What Have you Been Saved From?

This is the question that has been buzzing around in my heard the past few days. I have been listening to a few things by Leonard Ravenhill, a man who knows who he is and what he has been saved from and to. Of course, I also purport to have been saved, I frequently say that Christ has saved me and that I am better off because I am with Him, but from what have I been saved? One of Ravenhill's main tenants is that if I am indeed changed by the love and life and death of Christ it should show; my life should look differently certain than beforehand but also different than those around me. I have the Spirit of the Living God inside of me, and that should affect my entire life.
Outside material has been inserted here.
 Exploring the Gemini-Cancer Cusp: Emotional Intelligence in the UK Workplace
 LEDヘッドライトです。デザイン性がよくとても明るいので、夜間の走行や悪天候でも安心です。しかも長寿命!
I have been saved, but if that is ever just something that I say and not something that is noticeable than there is something entirely wrong. If that is just something that I say and change is not immediately noticeable than I need do some very serious heart searching. The reality is that I want "eternity stamped on my eyeballs." I have been saved, from a worthless, valueless, purposeless, jealous, lustful life, swayed so easily by simple, fleeting pleasures that hold no real meaning. I have been saved to the man that now writes these words. I in no way deserve it, but I have been saved from so much, changed, sanctified, or should I say being sanctified into perfection. I will never get there, and I am certainly no there now, but I desire death, not physical death, but I desire to be held with a man who died, a man who gave himself up for my sake. The scandal of Grace. I desire to put to death my sin and live as though it has lost all power in my life. I desire fire, fire does not need to be advertised, it does not need to be exclaimed, it draws people in, draws people to itself. I do not want to draw people to myself, but to Him, the real heat source. I have been saved from so much. And my prayer now is enunciated so accurately and appropriately by Ravenhill:
"You know, if we can’t live as a different breed of people on this earth, we have no right to live here. And if we get back to a people who are really baptized with obedience, submissive to the total will of God. Not concerned about human opinion, not asking for more to spend prodigally on ourselves but say, “Oh God, I want this life of mine adjusted so when I stand in Your awesome presence.” As James says – we shall not be ashamed of His appearing."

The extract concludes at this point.